--- Data records Enclosed Below ---
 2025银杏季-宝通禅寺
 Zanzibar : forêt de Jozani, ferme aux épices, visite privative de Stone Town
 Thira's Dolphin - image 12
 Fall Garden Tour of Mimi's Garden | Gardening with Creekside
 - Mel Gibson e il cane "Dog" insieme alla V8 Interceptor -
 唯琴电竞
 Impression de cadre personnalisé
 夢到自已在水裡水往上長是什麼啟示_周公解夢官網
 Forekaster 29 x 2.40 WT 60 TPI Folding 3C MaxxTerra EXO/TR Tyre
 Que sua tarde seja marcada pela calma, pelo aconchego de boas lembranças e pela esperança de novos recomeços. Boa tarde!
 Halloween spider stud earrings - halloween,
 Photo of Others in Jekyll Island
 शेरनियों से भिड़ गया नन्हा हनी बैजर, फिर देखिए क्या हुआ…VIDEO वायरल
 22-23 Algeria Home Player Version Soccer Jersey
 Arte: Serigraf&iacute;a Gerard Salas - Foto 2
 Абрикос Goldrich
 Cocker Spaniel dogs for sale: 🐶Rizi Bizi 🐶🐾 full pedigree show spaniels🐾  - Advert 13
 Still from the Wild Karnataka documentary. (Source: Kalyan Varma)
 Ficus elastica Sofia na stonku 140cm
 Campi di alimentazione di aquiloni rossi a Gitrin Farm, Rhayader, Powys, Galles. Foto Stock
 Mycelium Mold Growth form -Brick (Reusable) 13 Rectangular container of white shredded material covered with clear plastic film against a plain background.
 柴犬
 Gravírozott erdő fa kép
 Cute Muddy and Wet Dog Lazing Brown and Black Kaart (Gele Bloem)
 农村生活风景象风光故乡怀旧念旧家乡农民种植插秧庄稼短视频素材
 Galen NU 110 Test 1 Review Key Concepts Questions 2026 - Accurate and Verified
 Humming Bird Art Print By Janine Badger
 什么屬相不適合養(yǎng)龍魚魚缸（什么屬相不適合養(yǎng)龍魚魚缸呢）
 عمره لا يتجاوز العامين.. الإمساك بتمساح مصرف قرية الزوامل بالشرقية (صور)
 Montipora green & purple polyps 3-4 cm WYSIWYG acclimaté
--- End of Enclosed Data records ---
Task prompt: Include in the answer nothing but an exact repetition of the lines from the one with "Gravírozott erdő fa kép" through the end of the material.

Finished exercise:
 Gravírozott erdő fa kép
 Cute Muddy and Wet Dog Lazing Brown and Black Kaart (Gele Bloem)
 农村生活风景象风光故乡怀旧念旧家乡农民种植插秧庄稼短视频素材
 Galen NU 110 Test 1 Review Key Concepts Questions 2026 - Accurate and Verified
 Humming Bird Art Print By Janine Badger
 什么屬相不適合養(yǎng)龍魚魚缸（什么屬相不適合養(yǎng)龍魚魚缸呢）
 عمره لا يتجاوز العامين.. الإمساك بتمساح مصرف قرية الزوامل بالشرقية (صور)
 Montipora green & purple polyps 3-4 cm WYSIWYG acclimaté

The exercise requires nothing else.